California’s Code of Civil Procedure section 1021.5 provides that a court may award attorney’s fees to a “successful party” when the action has resulted in the enforcement of an important right affecting the public interest. See Graham v. DaimlerChrysler Corp., 34 Cal. 4th 553, 565 (2004). To be a “successful party,” a plaintiff need not obtain a court-ordered change in the defendant’s behavior; it is enough for the plaintiff’s lawsuit to have catalyzed, or motivated, the defendant to provide the primary relief sought. Id. at 567. “To be a catalyst, the lawsuit must have been ‘a substantial causal factor’ contributing to Defendant’s conduct, though the lawsuit need not be the only cause of Defendant’s conduct.” Slip op. at 6 (emphasis added, internal citations omitted). The plaintiff bears the burden of proving he or she catalyzed the relief.

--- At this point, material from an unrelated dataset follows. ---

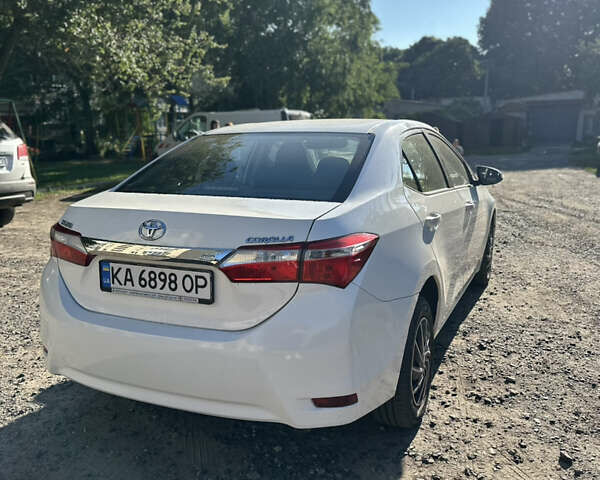 Белый Тойота Королла, объемом двигателя 1.6 л и пробегом 248 тыс. км за 11000 $, фото 3 на Automoto.ua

In a first for automotive class actions, where Ford issued a recall 14 months after the plaintiffs filed a class action, the court found that “the chronology of events raise[d] an inference that the lawsuit must have been ‘a substantial causal factor’ contributing to [Ford’s] decision to recall the Class Vehicles.” Slip op. at 7. According to Judge Tigar, “[o]ne month after this Court issued the order denying in part Ford’s motion to dismiss, Ford reported that it began to look into the MECP [Motor Electronic Coolant Pump] Defect. Less than six months after the Court issued the order, Ford issued a recall on the Class Vehicles.” The court rejected Ford’s proffered explanation as to why it commenced its recall investigation just after the court denied in part its motion to dismiss. Though Ford presented testimony of a data specialist who argued that his workload happened to lighten up at the same time the court issued its order, allowing him to commence the recall, the court dryly noted, “[t]his is just too much of a coincidence to be a coincidence.”

Judge Tigar also rejected another explanation proffered by Ford for the recall. Ford argued that an email from Transport Canada, a Canadian auto safety regulator, and not the plaintiffs’ lawsuit, had triggered its investigation. However, the court found it “unconvincing that an email inquiry . . . about one car stalling in a parking lot would trigger [Ford’s investigation] and subsequent recommendation to recall the Class Vehicles, even though several complaints to the NHTSA and a class action lawsuit did not.” In short, the court concluded that Ford’s evidence failed to overcome the presumption that the plaintiffs’ lawsuit had been a substantial factor in the manufacturer’s decision to initiate the recall, and granted the MacDonald plaintiffs’ motion for fees. Additional briefing regarding the amount of attorneys’ fees that Ford will owe is currently progressing.